- DIRECTIONS
Beginning with the line of the entries below that holds "Framed Bonita Laser" and ending with the line that holds "Creating a folder", transcribe each line exactly as written. Pictures stay out.

- MATERIAL PROVIDED
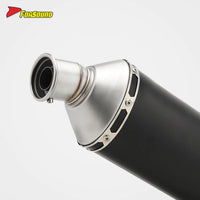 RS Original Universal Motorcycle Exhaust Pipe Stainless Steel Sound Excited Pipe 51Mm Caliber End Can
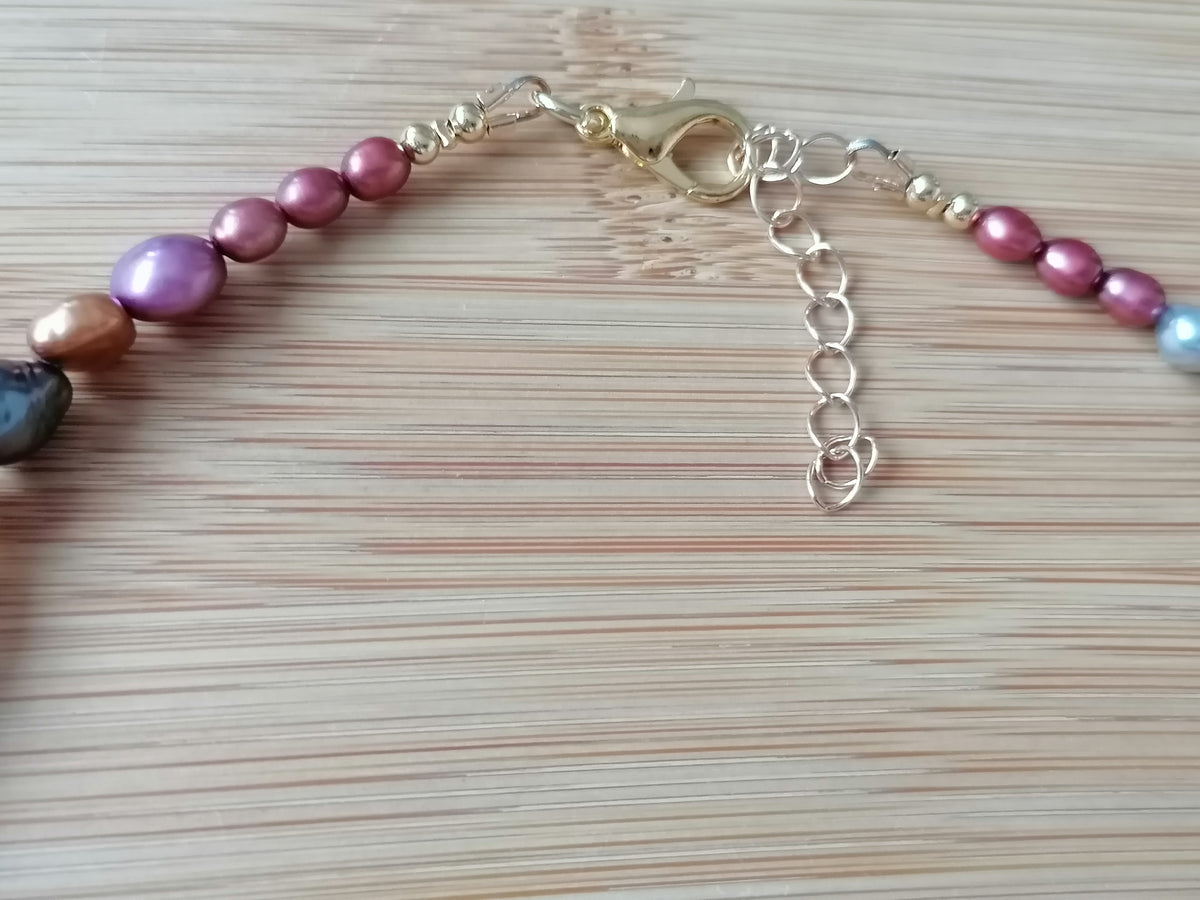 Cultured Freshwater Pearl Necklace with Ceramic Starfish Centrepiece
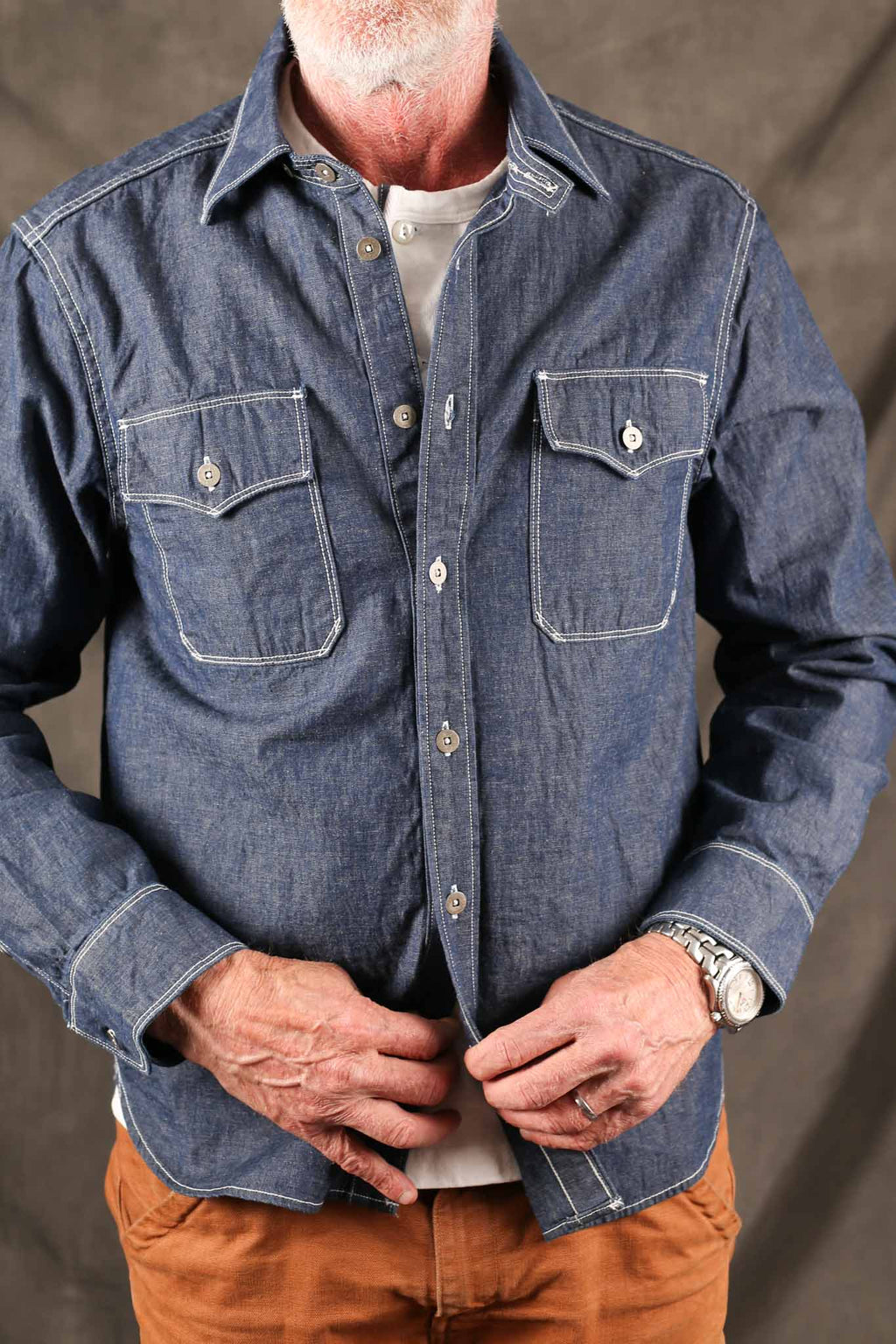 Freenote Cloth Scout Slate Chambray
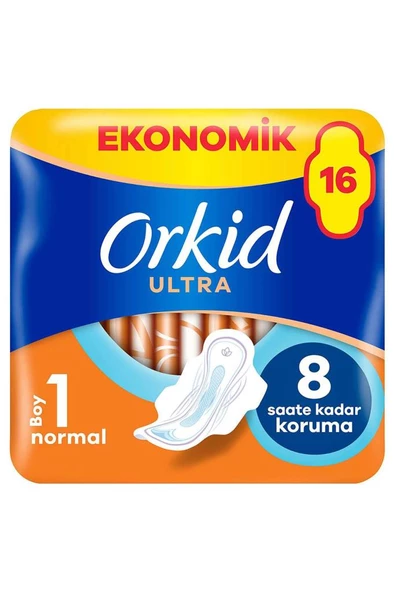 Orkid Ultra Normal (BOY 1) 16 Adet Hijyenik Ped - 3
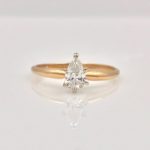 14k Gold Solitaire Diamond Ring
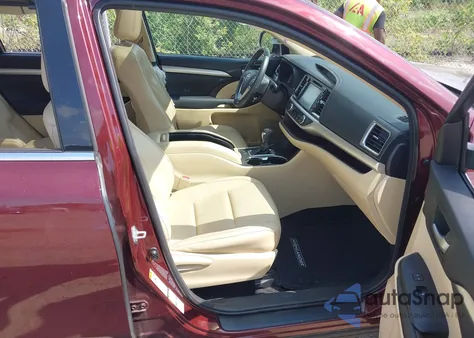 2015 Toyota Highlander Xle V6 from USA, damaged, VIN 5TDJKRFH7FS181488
---
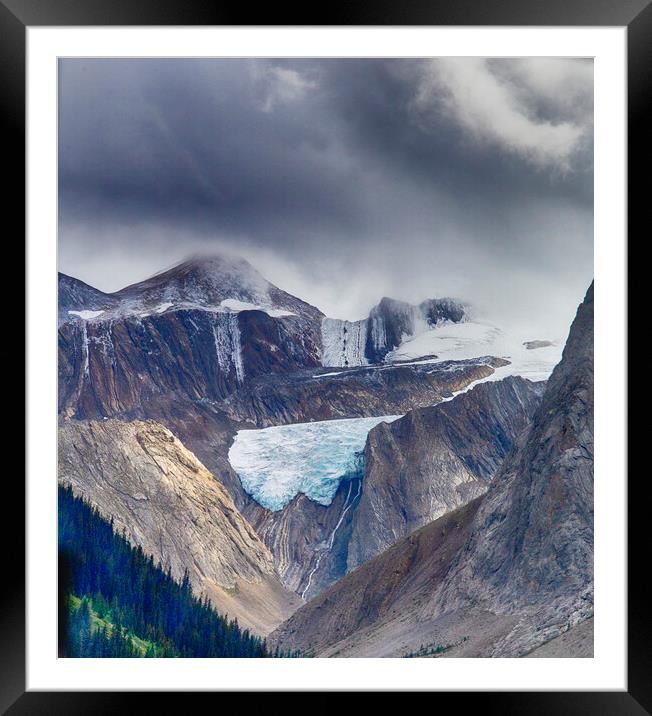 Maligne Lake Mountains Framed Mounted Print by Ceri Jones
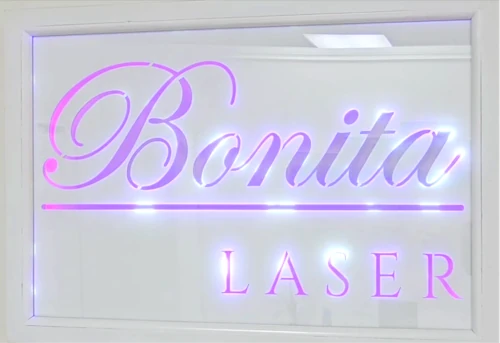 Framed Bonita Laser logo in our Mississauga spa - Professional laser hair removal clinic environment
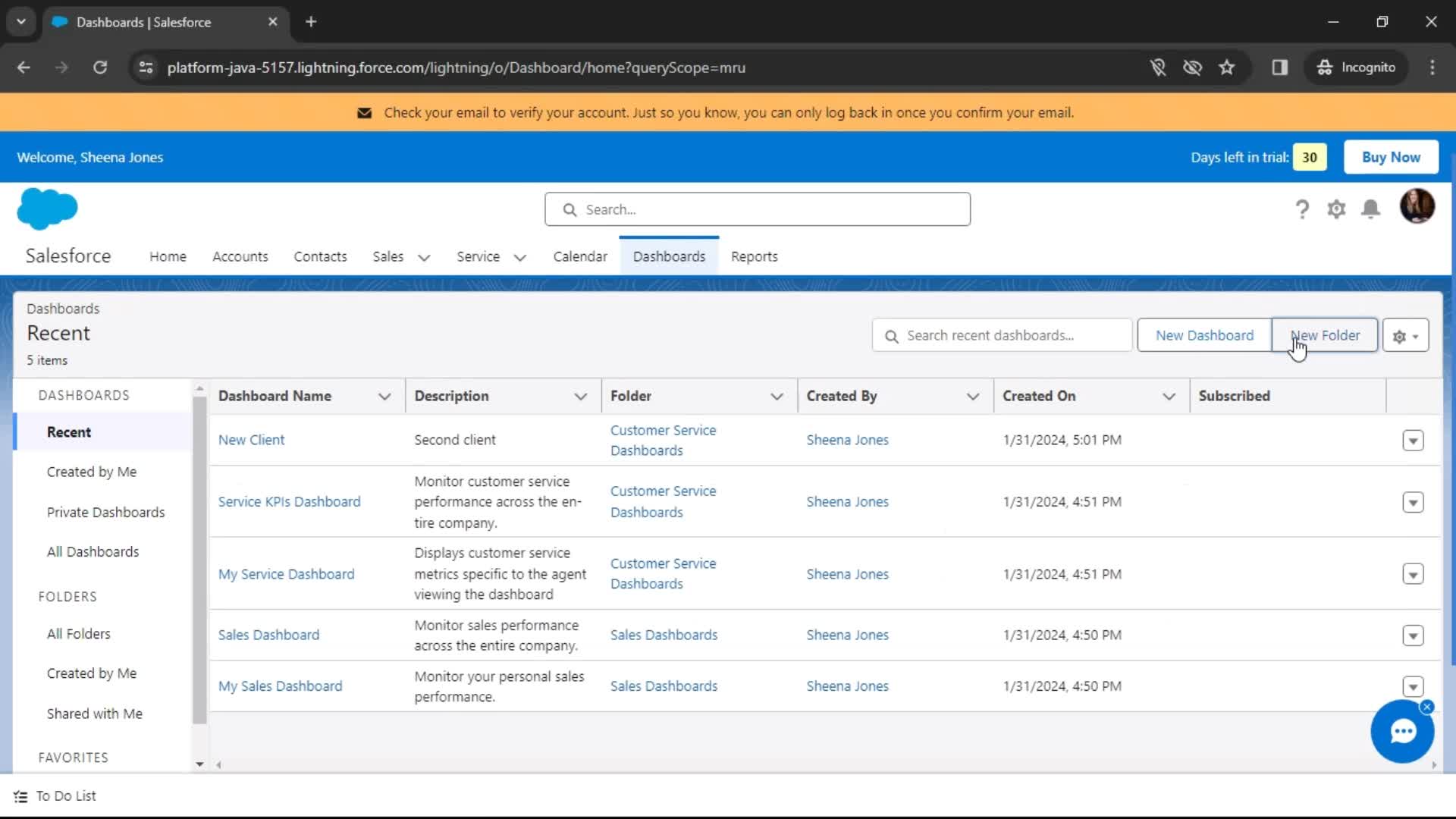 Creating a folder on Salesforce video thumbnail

- RESPONSE TO THIS TASK
 Framed Bonita Laser logo in our Mississauga spa - Professional laser hair removal clinic environment
 Creating a folder on Salesforce video thumbnail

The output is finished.